Septic arthritis
Background
- Inflammation of synovial membrane with purulent effusion into the joint capsule
- Knee most commonly involved in adults; hip most common in peds
- Most often seen in pts >65yr
- Most commonly bacterial (gonococcal vs nongonococcal)
Clinical Features
- Fever
- Warm, red, painful, swollen joint
- Decreased range of motion (even passively)
Diagnosis
- Arthrocentesis for synoval fluid
| Normal | Noninflammatory | Inflammatory | Septic | |
| Clarity | Transparent | Transparent | Cloudy | Cloudy |
| Color | Clear | Yellow | Yellow | Yellow |
| WBC | <200 | <200-2000 | 200-50,000 | >25,000 |
| PMN | <25% | <25% | >50% | >90% |
| Culture | Neg | Neg | Neg | >50% positive |
| Crystals | None | None | Multiple or none | None |
Work-Up
- Arthrocentesis with synovial fluid analysis
- CBC
- ESR/CRP
- Blood Culture
- Gonorrhea culture (urethral/cervical/pharyngeal/rectal)

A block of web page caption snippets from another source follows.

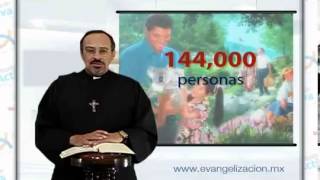 Evangelización Activa 23 Promesas de Jesús Ustedes estarán conmigo eternamente [upl. by Myranda]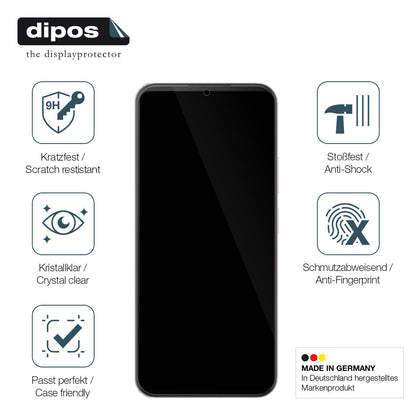 Displayschutz hergestellt in Deutschland, höchste Qualität made in Germany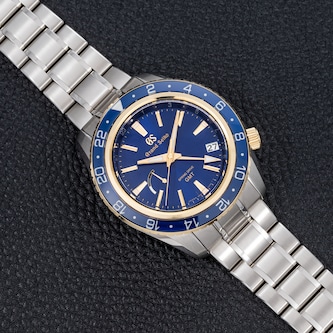Pre-Owned Grand Seiko Spring Drive GMT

- Plain films (often normal but may show widening of joint space or evidence of osteomyelitis)
- Ultrasound (can show joint effusion, extent of disease, and may help differentiate from other conditions)
DDx
- Toxic synovitis
- Abscess
- Cellulitis
- Primary rheumatologic disorder (i.e. vasculitis)
- Iatrogenic
- Reactive arthritis (post-infectious)
Gonococcal Arthritis
Healthy, young sexually active adults
Women > men
Suppurative monoarthritis (may be preceded by polyarthralgias)
Knee, wrist, ankle
Arthritis-Dermatitis Syndrome
Diagnosis
- Triad: dermatitis, tenosynovitis, migratory polyarthritis (hematogenous spread of bacteria and immune complexes)
- Skin lesions: scattered small painless erythematous macules or petechiae-->pustular -->necrotic lesions
- Transient painful extensor tenosynovitis (writs, hands, ankles)

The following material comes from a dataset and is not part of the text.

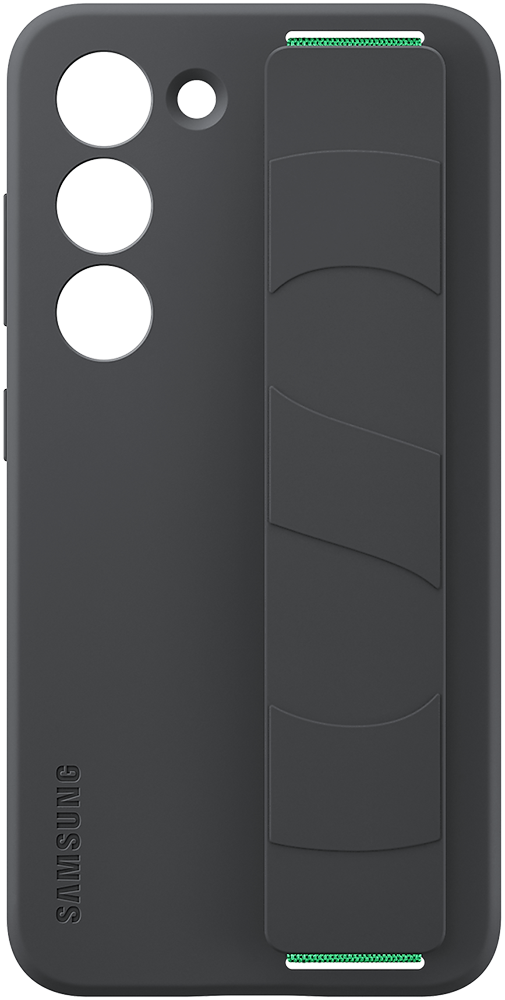 Чехол-накладка Samsung чехол накладка silicon case s23 ultra orange eac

- Asymmtric polyarthralgia of extremity joints
- Diagnosis Cx everything - jt, mucosal surfaces, lesions
Treatment
CTX 1gIV qd OR
Cefotax 1g q8
Empirically treat Chlamydia
Nongonococcal Arthritis
Background
Fulminant presentation (abrupt, swelling, toxicity and fever) unless elderly
- Hematogenous
- Contiguous
- Direct traumatic implantation
- Postop
Causes
- Bacterial
- Mycobacterial
- Spirochete (lyme, syphilis)
- Fungal
- Viral (HIV, Hep B, Rubella, etc)
- Postinfectious
Diagnosis
- Synovial fluid aspiration
- Cx - if only one test, use BCx bottles (may enhance yield)

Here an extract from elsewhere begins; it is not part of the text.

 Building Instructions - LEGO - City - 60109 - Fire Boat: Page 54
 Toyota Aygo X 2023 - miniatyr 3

- Grm stain - 80% positive in gram-positive infxn; less sens in gram-negative
- Cell count with dif - >50,000-150,000; PMN > 90%
Treatment
- PCN-ase resistant synthetic PCN:
- Nafcillin 1-2g
- Cefazolin 1-2g
AND
- 3rd gen ceph
OR
Vanc^
^new evidence suggests significantly increased rate of MRSA septic arthritis
^^cell counts are as low as 20,000 in MRSA Cx + synovial fluid
Treatment
- drainage of the joint
- IV Antibiotics
- generally Oxacillin or Nafcillin with a cephalosporin (ceftriaxone, feotaxme, ceftizoxime) will cover
- add vancomycin if you suspect MRSA
- in IVDA patients use IV aminoglycoside + antipseudomonal cephalosporin
- patients with prosthetic joints are at higher risk of MRSA, MRSE, Enterobacteriaceae, and Pseudomonas
- consider gonococcal infection in young sexually active patients (treat with ceftriaxone)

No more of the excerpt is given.